After a stellar 2023, which saw Nvidia stock (NASDAQ:NVDA) rally 180% over the past 12 months, the tech giant’s stock has been hit hard by the recent market dump.
Nvidia stock closed at a record high of $135 in mid-June but fell to $95 at the end of the market sell-off earlier this month. However, NVDA stock has since recovered around 30% from its recent lows.
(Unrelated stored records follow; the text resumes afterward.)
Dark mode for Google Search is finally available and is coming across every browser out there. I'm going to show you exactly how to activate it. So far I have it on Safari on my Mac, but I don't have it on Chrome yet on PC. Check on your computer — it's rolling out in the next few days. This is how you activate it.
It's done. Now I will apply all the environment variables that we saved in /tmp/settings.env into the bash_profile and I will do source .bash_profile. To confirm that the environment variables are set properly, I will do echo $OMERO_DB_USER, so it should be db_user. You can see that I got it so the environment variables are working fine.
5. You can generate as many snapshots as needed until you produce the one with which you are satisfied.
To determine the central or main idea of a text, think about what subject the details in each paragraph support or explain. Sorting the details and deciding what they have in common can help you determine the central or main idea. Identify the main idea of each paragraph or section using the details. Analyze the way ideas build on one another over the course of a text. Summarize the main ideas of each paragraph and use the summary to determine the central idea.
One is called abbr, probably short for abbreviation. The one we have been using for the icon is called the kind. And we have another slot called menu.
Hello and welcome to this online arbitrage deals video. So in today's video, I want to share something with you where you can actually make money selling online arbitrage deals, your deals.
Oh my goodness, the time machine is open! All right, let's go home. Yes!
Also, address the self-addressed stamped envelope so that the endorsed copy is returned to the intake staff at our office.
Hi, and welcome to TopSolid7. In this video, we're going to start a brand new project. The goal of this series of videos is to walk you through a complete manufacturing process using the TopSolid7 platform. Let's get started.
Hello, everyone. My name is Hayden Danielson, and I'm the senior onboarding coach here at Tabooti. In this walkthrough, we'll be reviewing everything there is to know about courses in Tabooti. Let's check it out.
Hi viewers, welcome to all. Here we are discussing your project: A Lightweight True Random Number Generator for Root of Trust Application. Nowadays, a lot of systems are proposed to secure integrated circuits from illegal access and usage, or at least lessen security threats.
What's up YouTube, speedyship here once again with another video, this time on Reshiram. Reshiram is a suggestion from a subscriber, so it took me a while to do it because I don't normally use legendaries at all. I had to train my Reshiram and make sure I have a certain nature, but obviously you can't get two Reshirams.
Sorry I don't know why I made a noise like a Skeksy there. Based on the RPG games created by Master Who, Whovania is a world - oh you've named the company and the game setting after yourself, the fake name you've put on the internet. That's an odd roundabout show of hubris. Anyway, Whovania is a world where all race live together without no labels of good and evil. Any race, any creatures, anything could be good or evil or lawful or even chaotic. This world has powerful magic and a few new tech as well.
Nvidia stock closed at $129.94 on Aug. 23, up 1.6% on the day and down about 18% year-to-date.
As reported by Cointelegraph, Nvidia’s revenue jumped 18% in Q1 from Q4 2023 and surged 262% from the same period a year ago.
The company reported revenues of $9.18 billion in Q1 2024, driven by strong demand for its data center products, which saw a 21% increase in sales.
Nvidia also saw strong growth in its gaming segment, which brought in $4.62 billion in revenues, up 14% from the previous quarter.
However, Nvidia’s net income fell sharply in Q1 2024, dropping 66% year-over-year to $2.44 billion. This decline was largely attributed to a $1.33 billion impairment charge related to Nvidia’s acquisition of Mellanox Technologies.